It was their third fight in just 34 months, this being only the fifth trilogy between heavyweight boxing champions in history. Others before were, Patterson–Johansson, Ali–Frazier, Ali–Norton and Bowe–Holyfield.
It was a typically battling performance by the champion as he systematically, stalked and pummeled his opposition to submission. He is known as the Gypsy King, Tyson Fury! With this victory over Deontay Wilder on Saturday night he has successfully defended his World Boxing Council's version of the heavyweight title.
Tyson Fury once again displayed that his famed psychological grit of steel. Interestingly,as per psychology, this was a man who left the sport for over two years on account of mental illness and addiction. Also on display was his almost mysterious yet elegant body movement that keeps him safe from being hit[you see some Muhammed Ali in there a lot too], his speed of thought and proper use of his body weight on his opponent weakening him gradually. I won't fail to add that he exuded the confidence of a man who knew exactly what he needed to down his opponent.
Ladies and gentlemen come with me as we try to do a review of things that happened on Saturday 9th October, 2021. The crowd of 15,820 at the T-Mobile Arena, indeed witnessed a boxing masterpiece that takes it's place amongst the best in boxing all-time history.
The first round saw Wilder(6ft 7in) trying to pull his weight and command the fight, body punches being a tool he used. Fury(6ft 9in) in return refused to be bullied and began to skilfully press forward with jabs and before the end of the round he even rattled his opponent with a firm right hand.

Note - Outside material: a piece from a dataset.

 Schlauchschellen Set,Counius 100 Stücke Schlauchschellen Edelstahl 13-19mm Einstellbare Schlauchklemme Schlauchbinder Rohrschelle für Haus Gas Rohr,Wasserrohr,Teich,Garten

The second round[one which Fury promised to fell Wilder pre-match] began and Fury sustained the assault, throwing more combination of punches as Wilder began to be more on the defensive.
The third round was Fury upping his ante, using his bomber of a right hand more but swinging wildly and Fury smartly evading them. However one lunging right hand finally landed on Fury's temple, shaking him slightly, but he quickly shook that off and with a solid combination of punches he sent Wilder to the floor. The American managed to get back up before the end of the count and Fury came in for the kill with Wilder terribly struggling, it took the bell to save him.

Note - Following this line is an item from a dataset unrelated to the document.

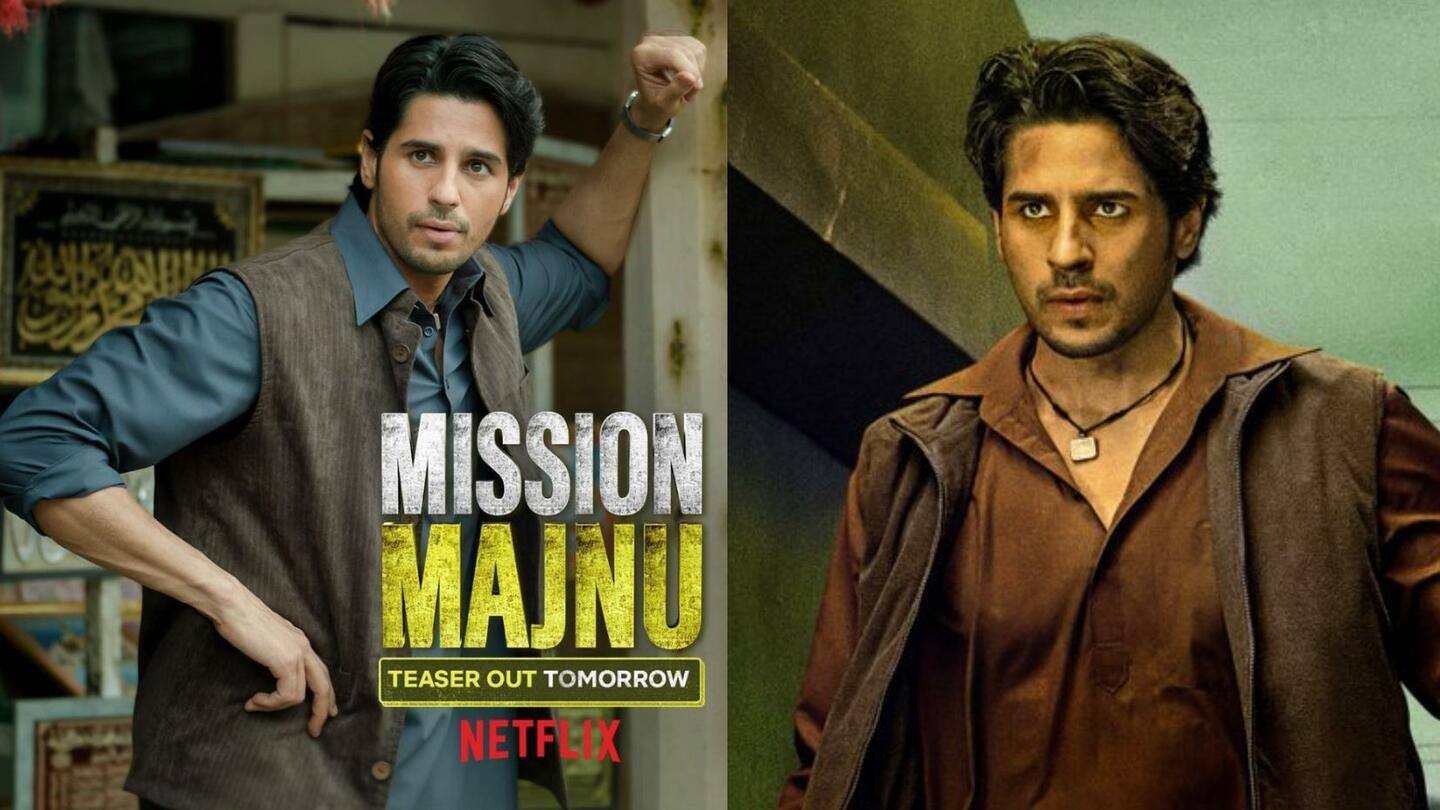 'Mission Majnu': Sidharth Malhotra shares new look; teaser out tomorrow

It was a Fury with spring in his steps in the fourth round, eagerly ready to finish off things. Perhaps he was too eager, suddenly against the run of the bout even while in retreat landed that his dangerous right hand on Fury and it was the 6ft 9in down in a heap. The atmosphere was now electric in the arena. The champion seemed not too flustered in his face as he found his feet again. Wilder chased after him, amid deafening sounds now in the arena, and Fury was down again. Once again Fury got back to his feet, it was more laboured and he was perhaps helped by a delayed count owing to Wilder not quickly going to his corner. Fury thus managed to hold on for the remaining part of this round.
The fifth round came on the scene with both men looking spent. The challenger continued his attacking foray, but Fury won't budge. It was a back-and-forth action with Fury slightly edging things.

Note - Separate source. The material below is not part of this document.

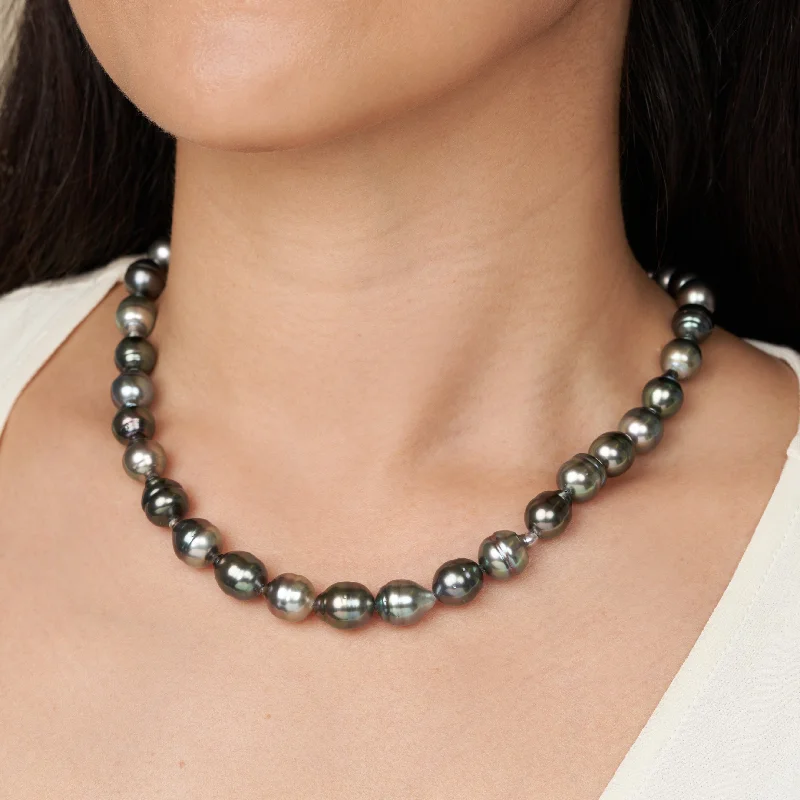 Your Perfect Accessory At The Perfect Price 8.2-10.3 mm AAA Tahitian Baroque Pearl Necklace Your Perfect Accessory At The Perfect Price 8.2-10.3 mm AAA Tahitian Baroque Pearl Necklace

In the sixth round, it was the champion getting his nose in front with a left hand jab that staggered Wilder. Now Wilders legs were beggining to wobble his right hand punches in desperation kept missing the target. Fury will often put his his 277lb weight to good use to lean on Wilder making him weary and uncomfortable. Wilder kept throwing punches and landing few enough to at least buy some time.
From the seventh round it was the fury of Fury, systematically decapitating his opponent. Fury chased after his opponent with sensible jabs and neat punches while Wilder,on the retreat, will often throw punches[yet ineffective] with all his might. Little wonder in the tenth round Fury sent wobbly Wilder clattering down with a heavy right hand. Kudos to some new found tenacity from Wilder, he didn't stay down, he got up and assured the referee he can continue. You need to see the crowd yelling everywhere by now. Surprisingly in improbable fashion, just as the bell was about to be rung Wilder buckled Fury with a combination of punches on the rope.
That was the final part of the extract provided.